_What to do_. Use the entries below and reproduce exactly the lines from the one containing "Nr. 63 Gent" down to the one containing "Bargersville, IN 46106", both of them included.

_Stored data_.
□ □ □

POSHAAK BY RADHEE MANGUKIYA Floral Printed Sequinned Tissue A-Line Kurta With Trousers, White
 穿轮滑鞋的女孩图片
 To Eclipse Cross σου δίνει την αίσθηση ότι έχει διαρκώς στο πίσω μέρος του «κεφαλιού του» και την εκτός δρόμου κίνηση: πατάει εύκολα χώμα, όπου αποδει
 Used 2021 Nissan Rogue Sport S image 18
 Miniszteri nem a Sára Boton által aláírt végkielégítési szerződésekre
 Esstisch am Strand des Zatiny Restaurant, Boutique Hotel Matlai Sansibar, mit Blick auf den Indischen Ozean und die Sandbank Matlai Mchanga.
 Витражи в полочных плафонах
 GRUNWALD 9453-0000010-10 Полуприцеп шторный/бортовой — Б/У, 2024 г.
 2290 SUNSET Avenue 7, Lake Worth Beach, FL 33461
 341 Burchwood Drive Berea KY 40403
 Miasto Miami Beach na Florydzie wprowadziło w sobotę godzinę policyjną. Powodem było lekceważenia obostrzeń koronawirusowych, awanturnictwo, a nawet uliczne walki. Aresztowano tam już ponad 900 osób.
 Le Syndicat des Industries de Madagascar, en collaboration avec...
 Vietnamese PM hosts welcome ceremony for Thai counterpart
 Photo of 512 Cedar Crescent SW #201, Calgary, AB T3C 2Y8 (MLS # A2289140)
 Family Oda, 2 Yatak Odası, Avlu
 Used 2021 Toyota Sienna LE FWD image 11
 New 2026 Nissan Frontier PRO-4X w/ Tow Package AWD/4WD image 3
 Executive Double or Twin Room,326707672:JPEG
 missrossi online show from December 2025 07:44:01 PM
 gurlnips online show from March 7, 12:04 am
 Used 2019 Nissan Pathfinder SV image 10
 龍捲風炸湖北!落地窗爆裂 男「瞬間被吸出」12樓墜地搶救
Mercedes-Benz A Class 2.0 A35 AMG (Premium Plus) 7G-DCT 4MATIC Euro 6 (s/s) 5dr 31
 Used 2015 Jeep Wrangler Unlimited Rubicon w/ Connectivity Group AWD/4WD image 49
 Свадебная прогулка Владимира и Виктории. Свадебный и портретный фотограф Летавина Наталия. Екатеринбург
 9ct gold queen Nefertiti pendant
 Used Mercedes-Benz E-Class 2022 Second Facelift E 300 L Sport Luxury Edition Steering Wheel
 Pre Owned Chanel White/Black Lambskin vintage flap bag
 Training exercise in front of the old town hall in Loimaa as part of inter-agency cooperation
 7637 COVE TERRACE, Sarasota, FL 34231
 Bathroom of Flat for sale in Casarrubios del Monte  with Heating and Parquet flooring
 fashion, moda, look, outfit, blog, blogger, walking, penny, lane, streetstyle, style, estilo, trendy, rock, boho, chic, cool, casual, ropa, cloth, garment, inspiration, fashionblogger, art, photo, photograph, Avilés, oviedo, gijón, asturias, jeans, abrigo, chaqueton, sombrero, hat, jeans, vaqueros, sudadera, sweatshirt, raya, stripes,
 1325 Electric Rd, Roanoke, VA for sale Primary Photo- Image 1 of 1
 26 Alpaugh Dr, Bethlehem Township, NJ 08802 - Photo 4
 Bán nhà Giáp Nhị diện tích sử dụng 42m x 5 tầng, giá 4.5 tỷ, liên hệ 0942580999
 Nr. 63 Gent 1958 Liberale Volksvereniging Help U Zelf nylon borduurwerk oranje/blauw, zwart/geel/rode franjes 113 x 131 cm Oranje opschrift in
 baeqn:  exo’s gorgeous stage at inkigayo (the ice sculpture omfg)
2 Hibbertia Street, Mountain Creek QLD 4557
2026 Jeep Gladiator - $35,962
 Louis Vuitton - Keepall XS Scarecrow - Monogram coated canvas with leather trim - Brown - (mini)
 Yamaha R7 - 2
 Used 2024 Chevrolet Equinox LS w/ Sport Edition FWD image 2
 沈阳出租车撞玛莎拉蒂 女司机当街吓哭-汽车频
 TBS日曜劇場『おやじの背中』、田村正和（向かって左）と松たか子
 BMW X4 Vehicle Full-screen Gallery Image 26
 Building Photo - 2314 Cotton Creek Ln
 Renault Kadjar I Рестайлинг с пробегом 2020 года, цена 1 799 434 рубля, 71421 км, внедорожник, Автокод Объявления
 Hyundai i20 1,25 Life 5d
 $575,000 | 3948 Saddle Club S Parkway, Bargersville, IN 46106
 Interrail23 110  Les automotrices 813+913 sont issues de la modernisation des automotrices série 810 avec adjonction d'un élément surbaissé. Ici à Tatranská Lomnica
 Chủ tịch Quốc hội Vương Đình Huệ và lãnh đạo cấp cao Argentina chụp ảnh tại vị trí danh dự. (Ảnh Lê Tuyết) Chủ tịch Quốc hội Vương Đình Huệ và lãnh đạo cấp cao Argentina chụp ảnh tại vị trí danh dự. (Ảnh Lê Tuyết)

□ □ □

_Solution to this task_.
 Nr. 63 Gent 1958 Liberale Volksvereniging Help U Zelf nylon borduurwerk oranje/blauw, zwart/geel/rode franjes 113 x 131 cm Oranje opschrift in
 baeqn:  exo’s gorgeous stage at inkigayo (the ice sculpture omfg)
2 Hibbertia Street, Mountain Creek QLD 4557
2026 Jeep Gladiator - $35,962
 Louis Vuitton - Keepall XS Scarecrow - Monogram coated canvas with leather trim - Brown - (mini)
 Yamaha R7 - 2
 Used 2024 Chevrolet Equinox LS w/ Sport Edition FWD image 2
 沈阳出租车撞玛莎拉蒂 女司机当街吓哭-汽车频
 TBS日曜劇場『おやじの背中』、田村正和（向かって左）と松たか子
 BMW X4 Vehicle Full-screen Gallery Image 26
 Building Photo - 2314 Cotton Creek Ln
 Renault Kadjar I Рестайлинг с пробегом 2020 года, цена 1 799 434 рубля, 71421 км, внедорожник, Автокод Объявления
 Hyundai i20 1,25 Life 5d
 $575,000 | 3948 Saddle Club S Parkway, Bargersville, IN 46106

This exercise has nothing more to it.